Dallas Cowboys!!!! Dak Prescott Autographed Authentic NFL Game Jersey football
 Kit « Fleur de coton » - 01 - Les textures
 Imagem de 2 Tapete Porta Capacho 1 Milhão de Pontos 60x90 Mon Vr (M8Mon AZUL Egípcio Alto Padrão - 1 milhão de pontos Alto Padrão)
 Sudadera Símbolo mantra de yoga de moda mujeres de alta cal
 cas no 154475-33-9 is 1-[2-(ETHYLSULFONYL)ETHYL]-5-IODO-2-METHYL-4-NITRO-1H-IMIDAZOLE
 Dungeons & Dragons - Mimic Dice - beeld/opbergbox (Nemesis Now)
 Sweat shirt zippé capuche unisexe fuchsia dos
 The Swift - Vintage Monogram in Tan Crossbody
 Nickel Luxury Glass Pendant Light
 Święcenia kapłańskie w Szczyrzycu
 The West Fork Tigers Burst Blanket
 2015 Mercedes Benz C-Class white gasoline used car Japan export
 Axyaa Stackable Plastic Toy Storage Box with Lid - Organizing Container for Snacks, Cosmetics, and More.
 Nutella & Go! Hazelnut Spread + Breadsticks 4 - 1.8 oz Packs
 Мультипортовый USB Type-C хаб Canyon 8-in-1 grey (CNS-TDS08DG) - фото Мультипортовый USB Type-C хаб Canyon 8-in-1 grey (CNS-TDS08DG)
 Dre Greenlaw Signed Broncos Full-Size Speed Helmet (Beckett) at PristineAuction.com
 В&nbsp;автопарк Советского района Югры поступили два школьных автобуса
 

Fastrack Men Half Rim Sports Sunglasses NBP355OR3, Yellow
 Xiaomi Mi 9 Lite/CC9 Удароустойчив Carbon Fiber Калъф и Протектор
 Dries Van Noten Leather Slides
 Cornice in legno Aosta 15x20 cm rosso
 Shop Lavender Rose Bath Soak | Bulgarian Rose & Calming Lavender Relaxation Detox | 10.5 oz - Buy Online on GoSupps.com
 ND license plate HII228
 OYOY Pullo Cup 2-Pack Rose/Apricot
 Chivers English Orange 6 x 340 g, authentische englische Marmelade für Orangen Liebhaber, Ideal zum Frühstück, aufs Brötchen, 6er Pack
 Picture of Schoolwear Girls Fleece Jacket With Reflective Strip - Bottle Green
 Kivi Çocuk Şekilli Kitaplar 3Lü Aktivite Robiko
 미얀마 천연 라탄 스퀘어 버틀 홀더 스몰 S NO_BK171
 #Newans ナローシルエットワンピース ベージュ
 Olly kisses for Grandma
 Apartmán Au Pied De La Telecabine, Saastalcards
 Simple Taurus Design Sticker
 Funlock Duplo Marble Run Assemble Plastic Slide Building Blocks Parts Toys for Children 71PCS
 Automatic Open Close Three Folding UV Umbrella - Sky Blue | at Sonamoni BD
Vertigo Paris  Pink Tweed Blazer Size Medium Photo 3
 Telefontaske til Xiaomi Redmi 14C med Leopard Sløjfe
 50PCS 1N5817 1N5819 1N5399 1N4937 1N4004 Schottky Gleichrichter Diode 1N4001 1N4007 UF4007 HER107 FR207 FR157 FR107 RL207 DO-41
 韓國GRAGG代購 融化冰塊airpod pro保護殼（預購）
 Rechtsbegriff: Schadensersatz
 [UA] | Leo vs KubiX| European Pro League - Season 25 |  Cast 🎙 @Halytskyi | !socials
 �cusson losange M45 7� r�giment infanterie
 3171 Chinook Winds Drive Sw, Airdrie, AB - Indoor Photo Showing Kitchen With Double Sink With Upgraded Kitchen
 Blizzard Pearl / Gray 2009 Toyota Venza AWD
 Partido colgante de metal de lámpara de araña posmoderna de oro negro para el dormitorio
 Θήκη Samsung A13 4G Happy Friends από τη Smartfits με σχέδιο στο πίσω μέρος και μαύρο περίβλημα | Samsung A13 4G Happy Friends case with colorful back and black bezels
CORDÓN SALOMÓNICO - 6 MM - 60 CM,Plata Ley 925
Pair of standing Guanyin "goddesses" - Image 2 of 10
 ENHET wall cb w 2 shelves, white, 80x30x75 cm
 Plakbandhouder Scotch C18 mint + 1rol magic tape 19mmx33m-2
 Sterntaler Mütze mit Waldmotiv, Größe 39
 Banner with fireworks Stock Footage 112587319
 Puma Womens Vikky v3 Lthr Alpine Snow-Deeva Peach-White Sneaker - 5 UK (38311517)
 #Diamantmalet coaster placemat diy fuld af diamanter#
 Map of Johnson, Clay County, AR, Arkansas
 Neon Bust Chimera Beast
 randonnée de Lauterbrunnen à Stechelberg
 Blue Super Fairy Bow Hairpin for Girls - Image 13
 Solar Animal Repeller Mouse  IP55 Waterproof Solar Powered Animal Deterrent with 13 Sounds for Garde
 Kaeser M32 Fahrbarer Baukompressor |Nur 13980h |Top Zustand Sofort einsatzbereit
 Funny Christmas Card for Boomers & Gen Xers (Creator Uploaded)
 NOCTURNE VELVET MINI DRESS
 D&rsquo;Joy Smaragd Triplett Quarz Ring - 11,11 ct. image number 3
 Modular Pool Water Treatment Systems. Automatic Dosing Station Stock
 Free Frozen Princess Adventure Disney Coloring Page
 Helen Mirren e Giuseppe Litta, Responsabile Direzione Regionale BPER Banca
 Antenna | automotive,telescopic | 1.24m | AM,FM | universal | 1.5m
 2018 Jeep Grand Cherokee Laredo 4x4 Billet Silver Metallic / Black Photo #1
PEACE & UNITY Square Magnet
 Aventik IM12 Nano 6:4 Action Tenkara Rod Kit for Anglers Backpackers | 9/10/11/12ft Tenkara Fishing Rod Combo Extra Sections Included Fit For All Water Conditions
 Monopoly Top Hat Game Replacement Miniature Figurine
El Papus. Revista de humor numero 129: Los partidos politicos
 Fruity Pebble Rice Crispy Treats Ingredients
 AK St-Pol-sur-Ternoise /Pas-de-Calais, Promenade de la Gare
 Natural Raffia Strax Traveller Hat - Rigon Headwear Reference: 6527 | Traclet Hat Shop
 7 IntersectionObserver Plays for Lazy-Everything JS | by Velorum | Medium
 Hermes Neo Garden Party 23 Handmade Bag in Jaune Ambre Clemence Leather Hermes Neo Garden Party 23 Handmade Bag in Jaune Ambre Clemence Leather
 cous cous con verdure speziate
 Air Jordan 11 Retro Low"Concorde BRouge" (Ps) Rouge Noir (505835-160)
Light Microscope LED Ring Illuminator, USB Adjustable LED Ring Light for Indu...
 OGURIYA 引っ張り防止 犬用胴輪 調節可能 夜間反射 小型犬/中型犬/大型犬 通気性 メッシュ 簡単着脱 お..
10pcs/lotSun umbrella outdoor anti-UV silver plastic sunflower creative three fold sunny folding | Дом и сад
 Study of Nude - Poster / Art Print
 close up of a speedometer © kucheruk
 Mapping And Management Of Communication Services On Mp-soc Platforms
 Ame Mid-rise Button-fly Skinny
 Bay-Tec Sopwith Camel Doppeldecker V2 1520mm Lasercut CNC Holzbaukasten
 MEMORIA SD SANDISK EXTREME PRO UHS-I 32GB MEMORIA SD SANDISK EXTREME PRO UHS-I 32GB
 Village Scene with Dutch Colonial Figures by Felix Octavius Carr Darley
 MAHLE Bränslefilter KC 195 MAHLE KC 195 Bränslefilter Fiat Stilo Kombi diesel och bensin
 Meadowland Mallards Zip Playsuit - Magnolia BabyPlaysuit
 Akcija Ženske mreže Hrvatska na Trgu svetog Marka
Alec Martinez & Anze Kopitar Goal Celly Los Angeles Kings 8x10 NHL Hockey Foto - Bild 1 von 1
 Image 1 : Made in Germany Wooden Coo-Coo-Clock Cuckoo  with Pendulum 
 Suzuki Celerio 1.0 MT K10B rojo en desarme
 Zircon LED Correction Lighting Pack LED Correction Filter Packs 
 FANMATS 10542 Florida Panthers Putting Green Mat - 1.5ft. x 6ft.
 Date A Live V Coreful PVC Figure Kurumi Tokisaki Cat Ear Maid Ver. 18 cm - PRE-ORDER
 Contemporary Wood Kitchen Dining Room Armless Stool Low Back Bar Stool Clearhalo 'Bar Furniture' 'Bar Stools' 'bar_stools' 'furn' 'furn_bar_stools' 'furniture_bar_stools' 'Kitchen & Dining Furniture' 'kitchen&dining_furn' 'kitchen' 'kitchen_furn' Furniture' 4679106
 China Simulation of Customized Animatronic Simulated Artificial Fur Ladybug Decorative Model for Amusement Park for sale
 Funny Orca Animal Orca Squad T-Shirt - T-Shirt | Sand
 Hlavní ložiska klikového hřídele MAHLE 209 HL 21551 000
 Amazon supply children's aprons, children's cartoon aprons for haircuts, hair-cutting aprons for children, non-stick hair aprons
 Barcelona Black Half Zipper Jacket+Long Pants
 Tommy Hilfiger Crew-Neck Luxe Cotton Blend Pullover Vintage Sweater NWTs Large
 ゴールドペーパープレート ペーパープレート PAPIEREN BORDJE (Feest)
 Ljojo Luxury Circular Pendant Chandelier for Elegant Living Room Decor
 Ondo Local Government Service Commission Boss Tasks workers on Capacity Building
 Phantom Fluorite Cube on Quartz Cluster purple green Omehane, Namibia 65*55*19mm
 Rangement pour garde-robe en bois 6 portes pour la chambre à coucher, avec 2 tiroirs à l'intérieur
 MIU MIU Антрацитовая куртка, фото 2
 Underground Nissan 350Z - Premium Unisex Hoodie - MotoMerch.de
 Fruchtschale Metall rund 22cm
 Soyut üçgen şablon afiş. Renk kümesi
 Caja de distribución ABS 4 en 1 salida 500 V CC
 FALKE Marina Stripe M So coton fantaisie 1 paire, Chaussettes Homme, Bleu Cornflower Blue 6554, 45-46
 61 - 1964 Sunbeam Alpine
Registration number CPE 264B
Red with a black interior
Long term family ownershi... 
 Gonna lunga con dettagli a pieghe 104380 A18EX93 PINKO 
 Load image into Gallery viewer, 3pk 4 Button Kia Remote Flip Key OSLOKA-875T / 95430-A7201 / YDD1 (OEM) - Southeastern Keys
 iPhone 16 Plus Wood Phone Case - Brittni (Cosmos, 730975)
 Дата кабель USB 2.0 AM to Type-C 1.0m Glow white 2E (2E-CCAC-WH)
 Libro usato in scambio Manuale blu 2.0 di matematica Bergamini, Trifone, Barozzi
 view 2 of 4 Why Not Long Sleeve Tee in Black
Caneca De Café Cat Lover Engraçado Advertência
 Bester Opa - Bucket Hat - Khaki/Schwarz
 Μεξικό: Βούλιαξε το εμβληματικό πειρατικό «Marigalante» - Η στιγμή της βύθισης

» Work to be completed:
Proceeding from the line containing "AK St-Pol-sur-Ternoise /Pas-de-Calais, Promenade" through the line containing "OGURIYA 引っ張り防止 犬用胴輪", transcribe the lines above exactly, both end lines included.

» Answer for the task:
 AK St-Pol-sur-Ternoise /Pas-de-Calais, Promenade de la Gare
 Natural Raffia Strax Traveller Hat - Rigon Headwear Reference: 6527 | Traclet Hat Shop
 7 IntersectionObserver Plays for Lazy-Everything JS | by Velorum | Medium
 Hermes Neo Garden Party 23 Handmade Bag in Jaune Ambre Clemence Leather Hermes Neo Garden Party 23 Handmade Bag in Jaune Ambre Clemence Leather
 cous cous con verdure speziate
 Air Jordan 11 Retro Low"Concorde BRouge" (Ps) Rouge Noir (505835-160)
Light Microscope LED Ring Illuminator, USB Adjustable LED Ring Light for Indu...
 OGURIYA 引っ張り防止 犬用胴輪 調節可能 夜間反射 小型犬/中型犬/大型犬 通気性 メッシュ 簡単着脱 お..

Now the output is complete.